Lo cual provoca que la intención de X-Men: Apocalipsis de ejercer de reinicio parcial de la franquicia, aprovechando la puerta abierta con Días del futuro pasado para presentar versiones rejuvenecidas de personajes ya conocidos, quede en entredicho por la ineficacia de introducirlos a través de una trama tan inane, tan falta de tensión dramática, a pesar de los denonados esfuerzos de Kinberg de dotarla de cierto angst –no hay más que ver toda la subtrama de Magneto (Michael Fassbender) y su familia, terriblemente torpe y previsible–.
Al menos su antecesora lograba conservar algo del sense of wonder de las primeras versiones del guión firmadas por Jane Goldman y Matthew Vaughn: aquí solamente se acumula secuencia de destrucción (digital) tras secuencia de destrucción (digital) que, en teoría, deberían transmitir cierta sensación de urgencia.
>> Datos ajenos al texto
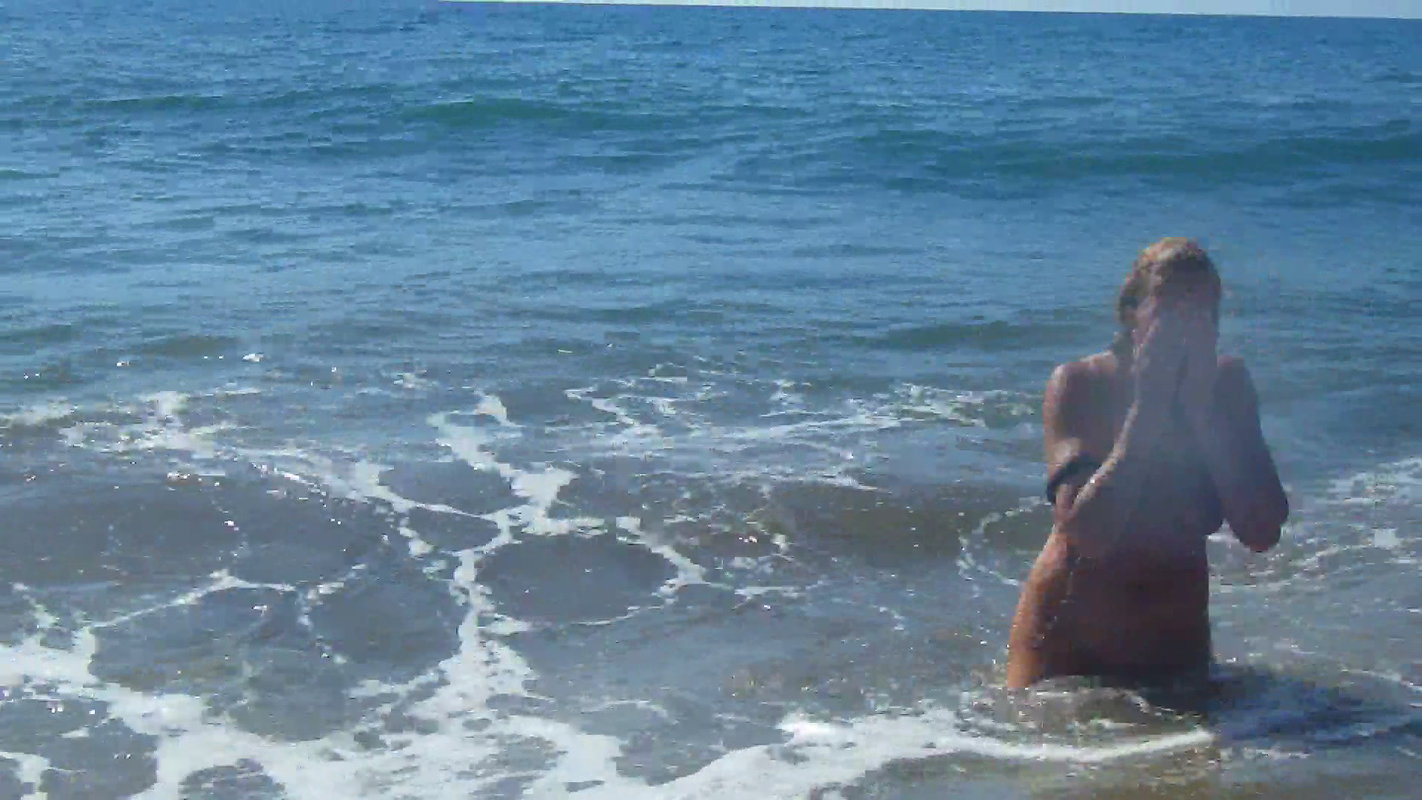 NIPPLES FETISH RUBBING NIPS SPA PUBLIC SEX_a904917f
A pesar de su insistencia en vincularse con blockbusters aparatosos, llenos de efectos especiales, la realidad es que donde mejor funciona Bryan Singer es en las distancias cortas. En la construcción de personajes a través de la interacción entre los actores, y en la captación de los pequeños detalles que matizan lo que transmiten los diálogos.
La cuestión es que X-Men: Apocalipsis no da mucho pie a ese tipo de escena, sino que mete al director en un crescendo apocalíptico que no saca, precisamente, lo mejor de él: de hecho, a medida que avanza el metraje, y el nivel de catástrofes alcanza dimensiones mundiales, se le ve cada vez más incómodo, lo que desemboca en un clímax torpe y desencajado –preñado de unos efectos CGI de una ineficacia sorprendente–, que no transmite, ni mucho menos, la sensación épica que sus responsables pretenden.